It is getting increasingly difficult to keep track of Governor Chris Christie’s numerous scandals. But in order to simplify the information they can be broken into three different groups – improper and likely illegal lane closures on the George Washington Bridge or “Bridgegate”, playing politics with Sandy aid, and interference in a corruption case in Hunterdon County.

As far as Bridgegate goes there has been more information on how political Christie’s office is. Bill Stepien, whom Christie publicly disassociated with in his marathon press conference on Bridgegate, is reported to have had major influence within Christie’s government office. That puts the scandal much closer to Christie as Stepien was Bridget Kelly’s boss..

Staff members in the governor’s office created tabbed and color-coded dossiers on the mayors of each town — who their friends and enemies were, the policies and projects that were dear to them — that were bound in notebooks for the governor to review in his S.U.V. between events….

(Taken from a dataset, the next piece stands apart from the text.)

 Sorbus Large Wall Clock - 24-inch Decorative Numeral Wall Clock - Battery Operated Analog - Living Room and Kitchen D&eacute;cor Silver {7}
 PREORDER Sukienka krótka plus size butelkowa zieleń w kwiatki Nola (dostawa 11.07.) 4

Although he had moved over to manage Mr. Christie’s re-election campaign, Mr. Stepien was viewed as the de facto head of the State House political operation, and the person to whom Ms. Kelly reported. One Christie ally recalled that Mr. Stepien was “still being included on governmental emails” even after he left the administration.

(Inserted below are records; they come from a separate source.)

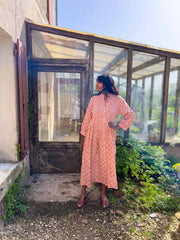 ROSY Blockprint-Kleid mit plissierter Brust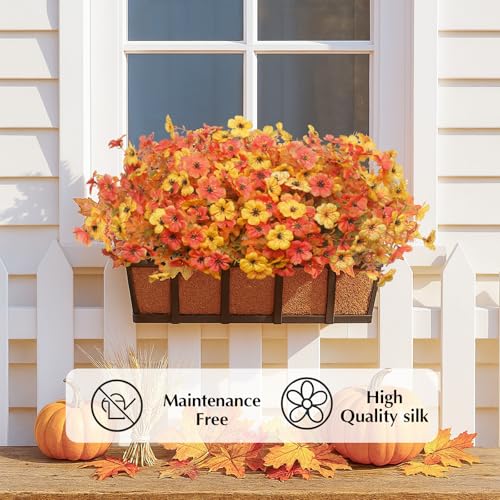 Artificial Mums for Outdoors, 12 Bundles Faux Mums for Outdoor Planters,Uv Resistant Artificial Fake Flowers Plants, Realistic Fall Decor for Porch, Patio, Yard (OrangeYellow) - color: Orangeyellow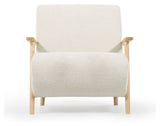 Meghan Lounge Chair, White Lambskin Look/Ask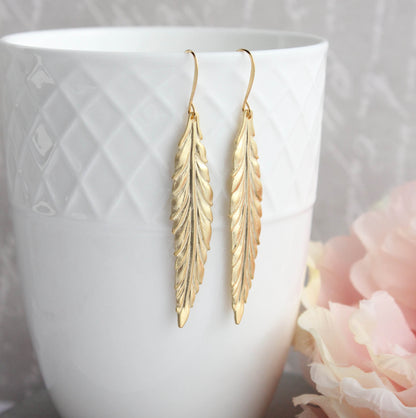 Long Leaf Earrings - Matte Gold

This offers a tie in to the second scandal – the use of Sandy aid. While the subpoenaed documents from the New Jersey legislature on Bridgegate are due back next Monday, February 3rd, stories of Team Christie rewarding their “friends” have already surfaced. One of their friends in the city of Bellville received Sandy money for a major development. The problem? The project was completely unrelated to Superstorm Sandy.

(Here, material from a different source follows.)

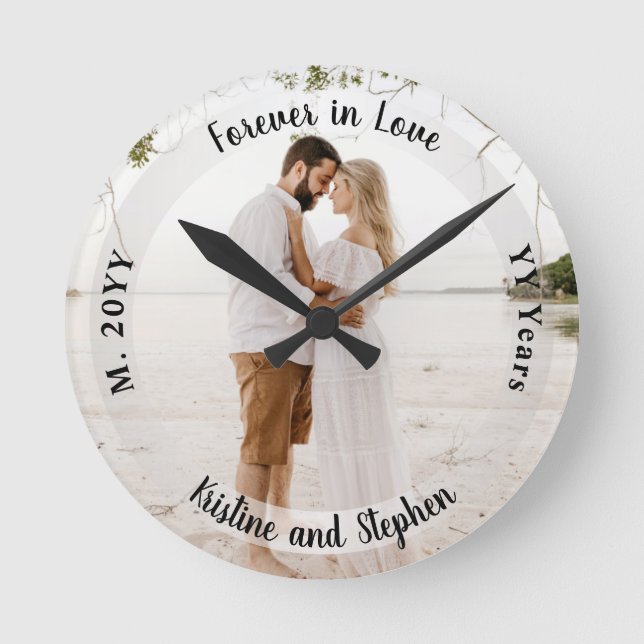 Horloge Ronde Forever in Love Mariage Anniversaire Photo (Recto)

Two weeks after Christie arrived at Bellville to announce the city would be getting $6 million from Sandy money for senior housing complex the Democratic mayor endorsed Christie for re-election.

Which brings us to what happened to those who did not play ball with Team Christie, the “enemies” such as Hoboken Mayor Dawn Zimmer. Zimmer alleges  Christie pressured her to support a development project backed by David Samson of the Port Authority’s law firm and tied that support to the city of Hoboken receiving much needed aid for Sandy.

New evidence published by the New York Times shows a high degree of interest and pressure being exerted by Team Christie on Mayor Zimmer to approve a plan by the Rockefeller Group who was represented by Wolf Samson the law firm of Port Authority Chairman David Samson.

But according to newly obtained emails sent among the participants, the first topic of discussion on the agenda was “review of concepts for flood control measures at Rockefeller property,” a reference to a billion-dollar office complex proposed at the north end of town. The developer, the Rockefeller Group, which had long been trying to gain approval from officials, sent two executives, two lobbyists and an engineer to the meeting…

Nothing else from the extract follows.